* Your task *
Pictures in the records are to be excluded from an otherwise exact copy.

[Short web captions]
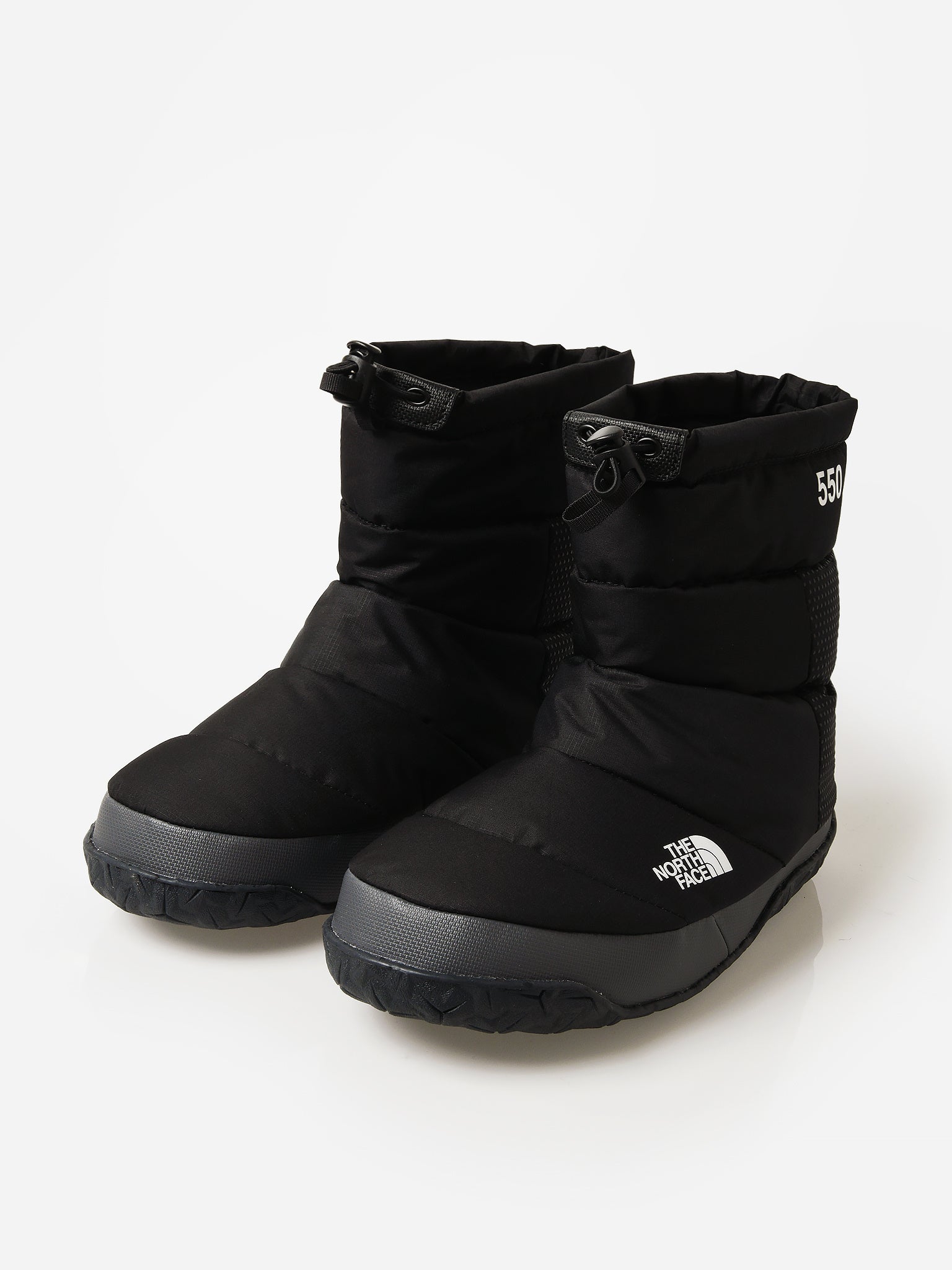 The North Face Women’s Nuptse Après Booties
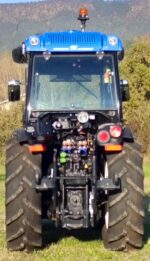 ΚΑΜΠΙΝΑ NEW HOLLAND T4.80V StageV – T4.90V StageV – T4.100V StageV – T4.110V StageV – T4.120V StageV - Image 3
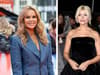 Amanda Holden takes a swipe at Holly Willoughby after her return to This Morning by mocking her statement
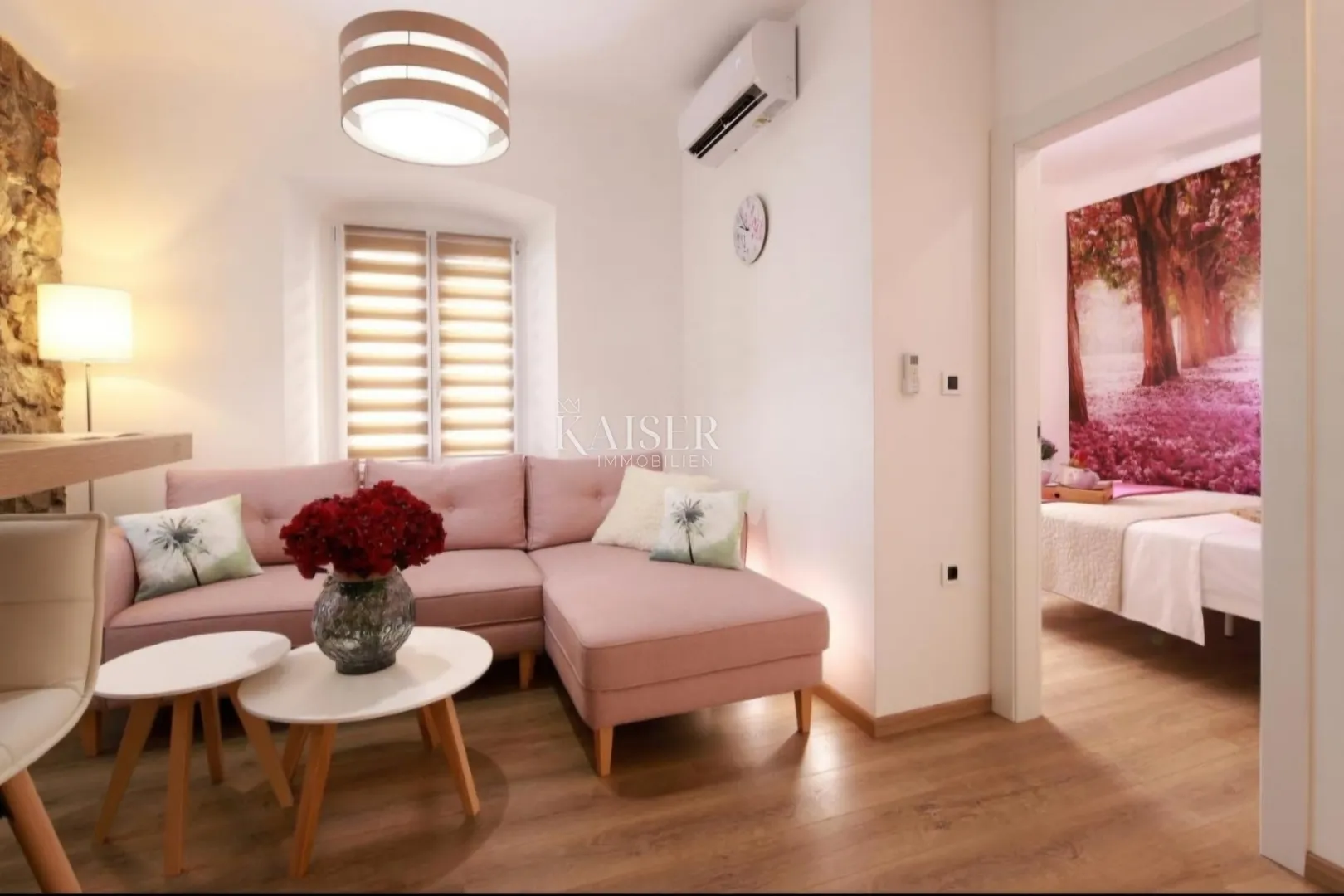 rijeka centar - tri luksuzna apartmana u strogom centru grada - slika 22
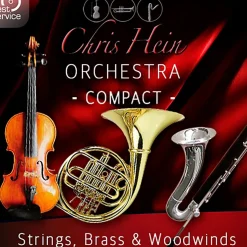 Best Service Chris Hein Orchestra Compact (Download)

* Answer for this exercise *
 The North Face Women’s Nuptse Après Booties
 ΚΑΜΠΙΝΑ NEW HOLLAND T4.80V StageV – T4.90V StageV – T4.100V StageV – T4.110V StageV – T4.120V StageV - Image 3
 Amanda Holden takes a swipe at Holly Willoughby after her return to This Morning by mocking her statement
 rijeka centar - tri luksuzna apartmana u strogom centru grada - slika 22
 Best Service Chris Hein Orchestra Compact (Download)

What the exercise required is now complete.